The POLIS Discussion Series is a regular event that was established in Fall 2005 with the goal of creating an ongoing space for information sharing and discussion of research and activities affiliated with POLIS to further our collective understanding of ecological governance. The primary participants are intended as affiliates of POLIS (e.g., research associates, grad students, research assistants, faculty mentors, staff, collaborators, partners, funders) but anyone interested is very welcome. The Discussion Series was established with support from the Walter and Duncan Gordon Foundation.

UPCOMING PRESENTATION

There are currently no upcoming events scheduled. Please check back later for updates to this page.

PAST PRESENTATIONS

Water: Lessons from Elsewhere

Presenter(s): Bob Sandford
Date: Mar 30, 2010
Place: Room C126, David F. Strong Bldg, University of Victoria

The POLIS Project on Ecological Governance is pleased to host a special public guest lecture by Bob Sandford at the University of Victoria from 3-5 pm on March 30, 2010.

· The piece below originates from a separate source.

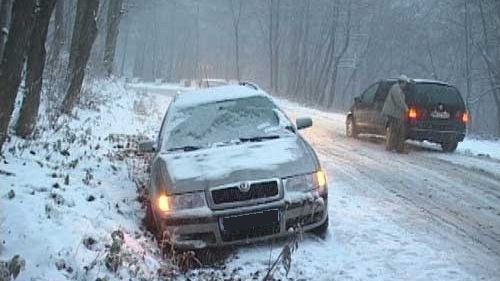 Cum se conduce corect maşina, iarna, pe zăpadă. Greşeala pe care mulţi şoferi o fac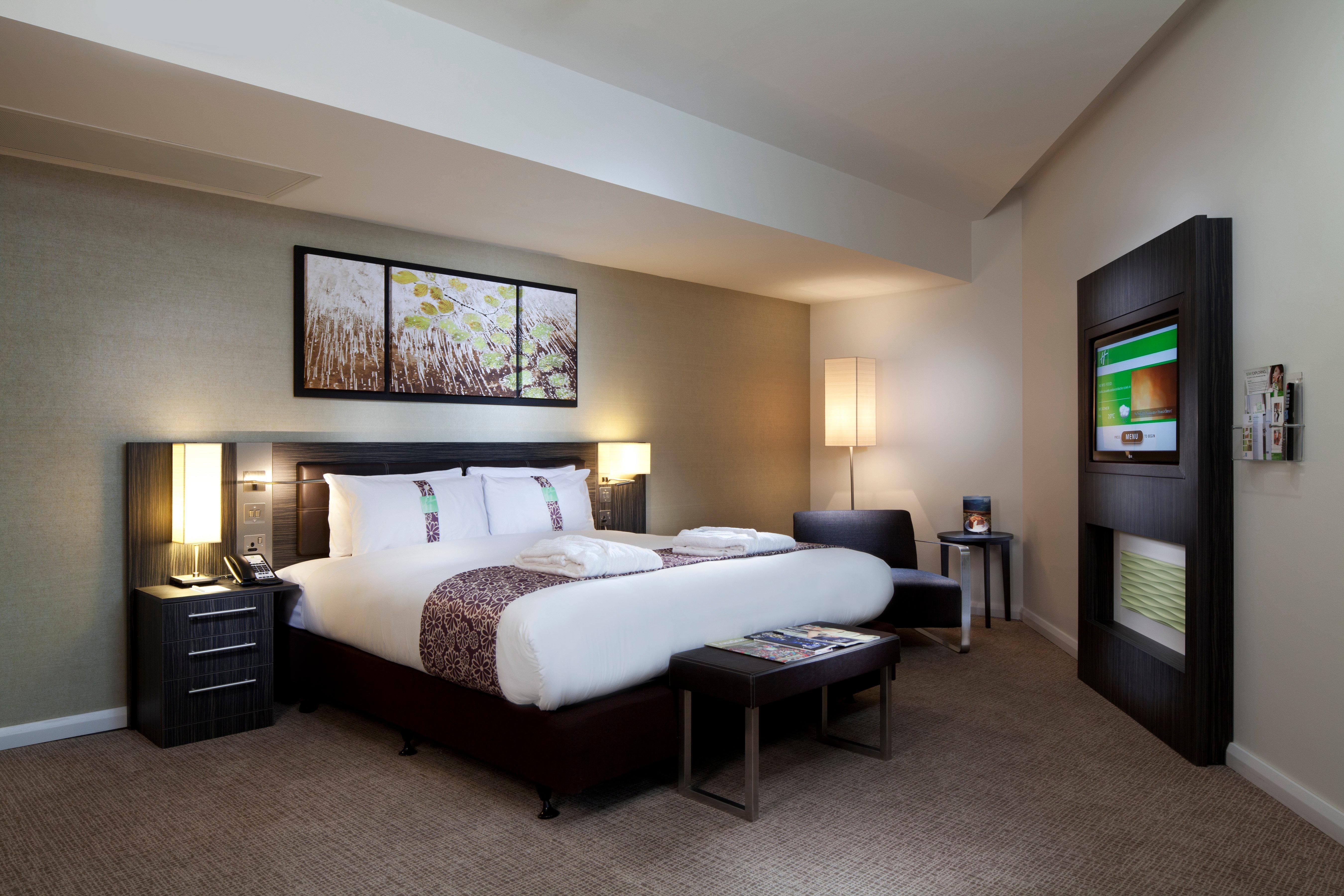 Holiday Inn London - Whitechapel By Ihg Bagian luar foto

This event helps launch the Future of Water Law and Governance in Canada - a new program at the POLIS Water Sustainability Project.  Bob will share his experiences and "lessons from elsewhere" as they relate to current efforts to modernize the BC Water Act and the future of fresh water in Canada.

Bob Sandford is the Canadian Chair of the United Nations "Water for Life" Decade, a partnership initiative that aims to advance long-term water quality and availability issues.  In this capacity, Bob is the only Canadian to sit on the Advisory Committee for the prestigious Rosenberg International Forum on Water Policy.  Bob is also the Director of the Western Watersheds Climate Research Collaborative, and is a current co-Chair of FLOW Canada, a prestigious national water policy expert group.  Bob's third book on water issues, Restoring the Flow: Confronting the World's Water Woes, was published by Rocky Mountain Books in the fall of 2009.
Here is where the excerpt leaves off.